COLLEGE PARK, MARYLAND, U.S. — The University of Maryland-College Park (UM) and Bowie State University, Bowie, Maryland, U.S., announced on Feb. 25 that a team of researchers representing both universities is working on ways to turn poplar trees into high-yield crops for biofuels including ethanol.

The hybrid trees would be grown on plantations and harvested without affecting existing woodlands.
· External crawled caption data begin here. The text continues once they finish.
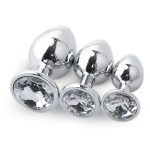 Pink Gem Metal Butt Plug Set – 3 Sizes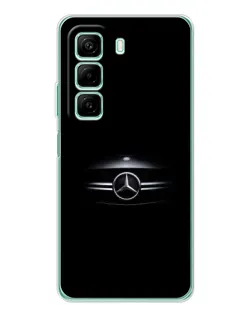 Чехол для Infinix Hot 50 с картинкой «Mercedes — абстрактные линии»
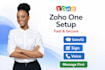 setup zoho one, salesiq, sign, campaign, thrive, voice, automation, pos, routeiq
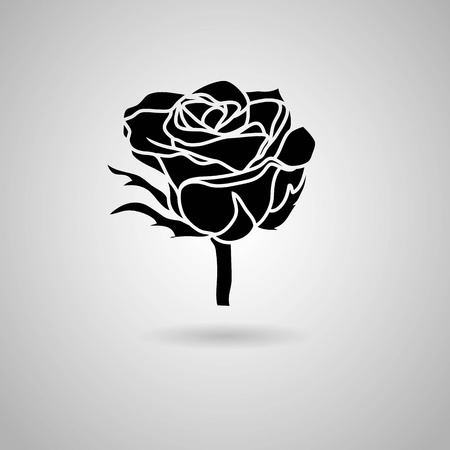 rose  Vector illustration のイラスト素材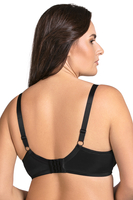 Vivisence Non-Padded Bra Elegant Lace Cups Comfortable Support for Everyday 1080, Black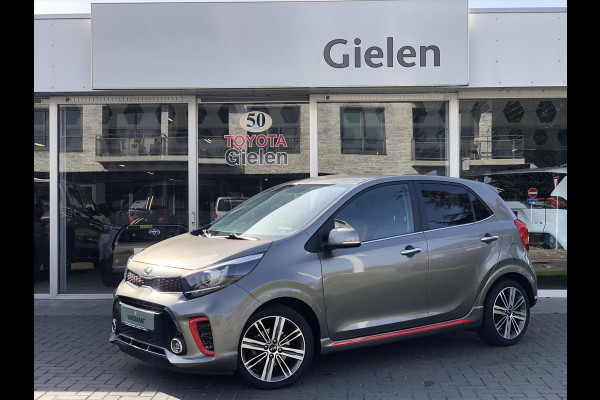 Kia Picanto 1.2 CVVT 5-zits GT-Line | Leer, Apple CarPlay/Android Auto, Navigatie, Lichtmetalen velgen, Climate control, Parkeercamera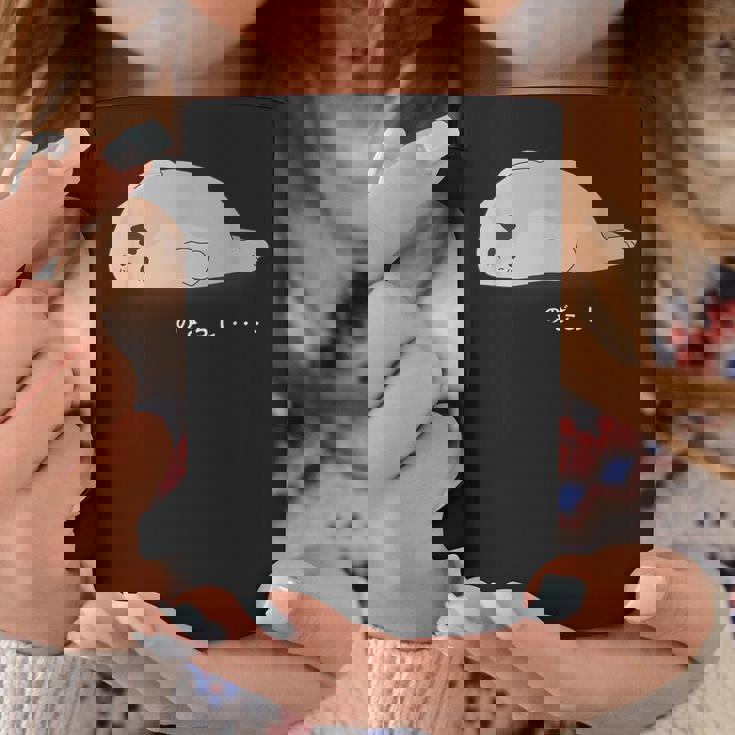 かわいいアザラシ、ノザラシ、面白 コーヒーマグ 面白い贈り物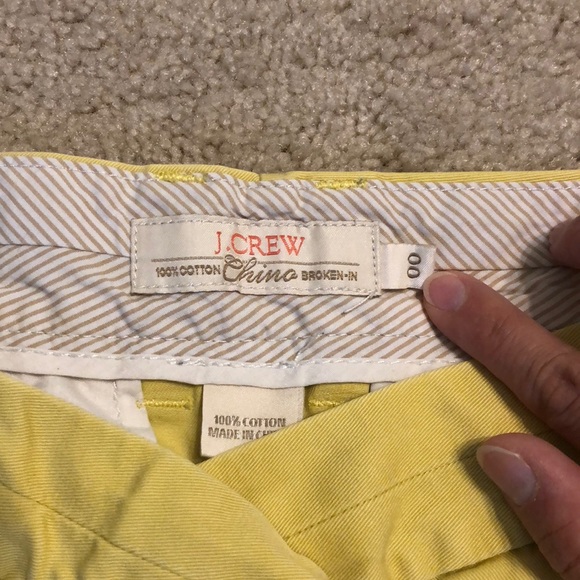 J Crew Chino Shorts Sz 00 - Picture 3 of 3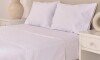 Juego de Sabana Super King Finezza 400 Hilos - Pilar Blanco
The study is funded by a $3.2 million, four-year grant from the National Science Foundation's Plant Genome Research Project, which supports research on plants seen as having economic and agricultural importance. Using the recently completed poplar genome, the researchers are focusing on ways to improve the tree's nitrogen processing capability, which will enhance its growth rate and feasibility for use in fuel production.

For poplar to be truly effective as a biofuel source, its growth cycle needs to speed up and become more efficient, according to the researchers. One of the keys to doing so is to understand how it stores and cycles nitrogen, since nitrogen is an important factor in the growth and productivity of trees and crops.

The fertilizers that help produce big harvests are rich in nitrogen but are expensive and must be reapplied each year. Poplar is a perennial plant, capable of pulling nitrogen from its leaves, storing it through the winter, and redistributing it in the spring. A poplar tree is also capable of regrowing itself from its roots after being cut and may go through several cycles of growth and harvest throughout its life before a new tree needs to replace it.

"Both the growth in the spring and regrowth from roots after the stems are harvested depend on the availability of stored nitrogen," said Gary Coleman, lead researcher and associate professor of plant science and landscape architecture at UM's College of Agriculture and Natural Resources. "The data we collect will allow us to understand mechanisms of nitrogen cycling, determine how to increase the rates of the cellular reactions, and identify the genes that play a crucial role in the process. Eventually, we should be able to breed a variety of poplar with a more efficient nitrogen process, optimized for growth and rapid maturity."